I think this is based on the project Ogive curve (not to be confused with the Earned Value S Curve of a Performance Measurement Baseline) and I think it is based on "finish," not "start." I created a fake project that is estimated to finish between 20 days (best case), 35 days (most likely case), and 70 days (worst case). Running a simulation with over 750 observations, this is the result: enter image description here

This shows that you have a little less than 20% chance of finishing this project between 35 and 40 days, and a little less than 50% cumulatively at 35 to 40 days or less.

The cumulative histograph is here:

enter image description here

The red line above the 50% mark on the Y axis is approximately 60% cumulative. The blue X represents where that 60% mark intercepts the Ogive curve. The red line on the X axis represents the number of days at the 60% mark, approximately 42 or 43 days in duration.

Therefore, 42 or 43 days of duration would be the planning value that represents 60% early and 40% late on the plan curve.

This is my opinion only of what your question could mean. I'd take Marv's suggestion and go back and get this clarified. This is the only thing I can think of that makes any sense in project management.

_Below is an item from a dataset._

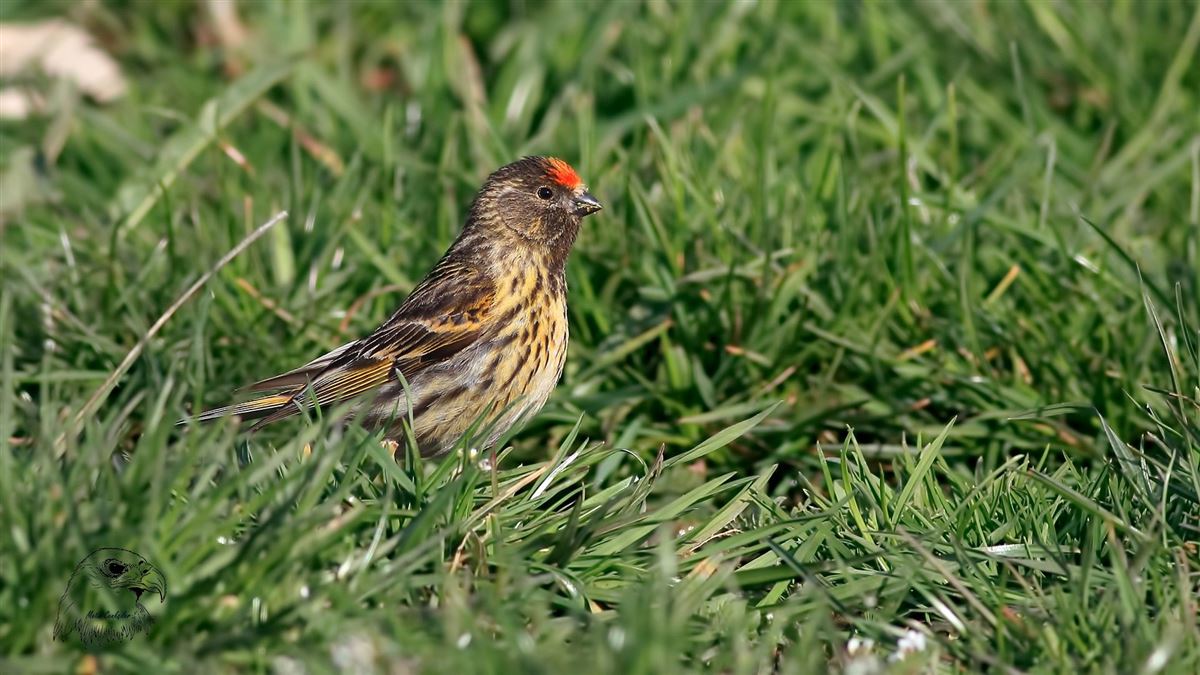 Red-fronted Serin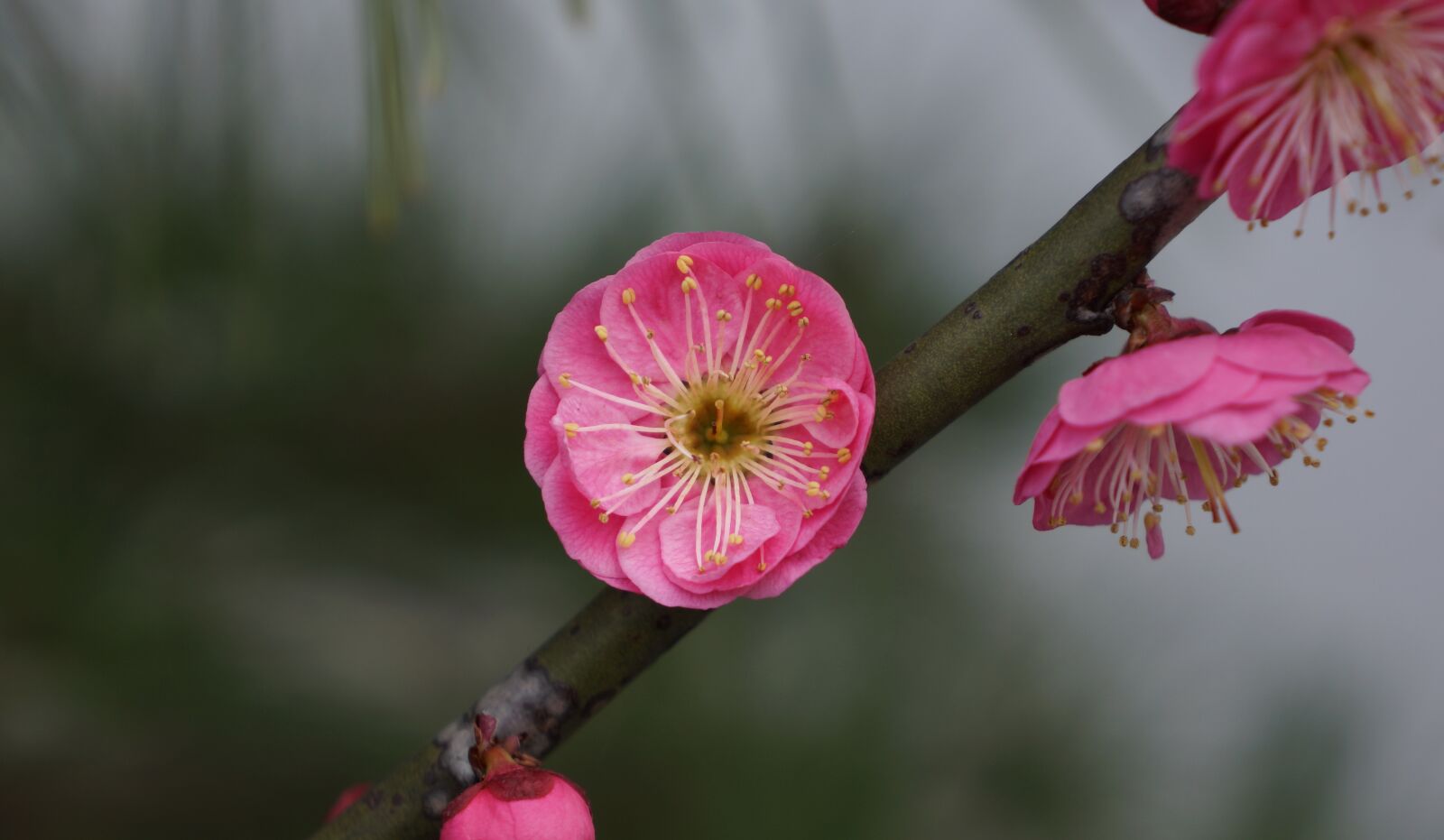 Sony Alpha NEX-7 sample photo. Pink, plum blossom, flower photography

I've been doing project management for 15 years and I still have no idea what that means! As I see it your options are:

  1. Ask the person who wrote it to explain what they meant.
  2. If above is not available ask the person who passed on the instructions to you to explain what they think it means
  3. Ignore it and plan as you would for any project, entering this as a risk in the project risk log
  4. Ignore it and do nothing and then challenge anyone who challenges you to explain it

If it is really is a key instruction to you, that cannot be ignored, then you really do have to obtain its meaning from the author or your manager before you proceed.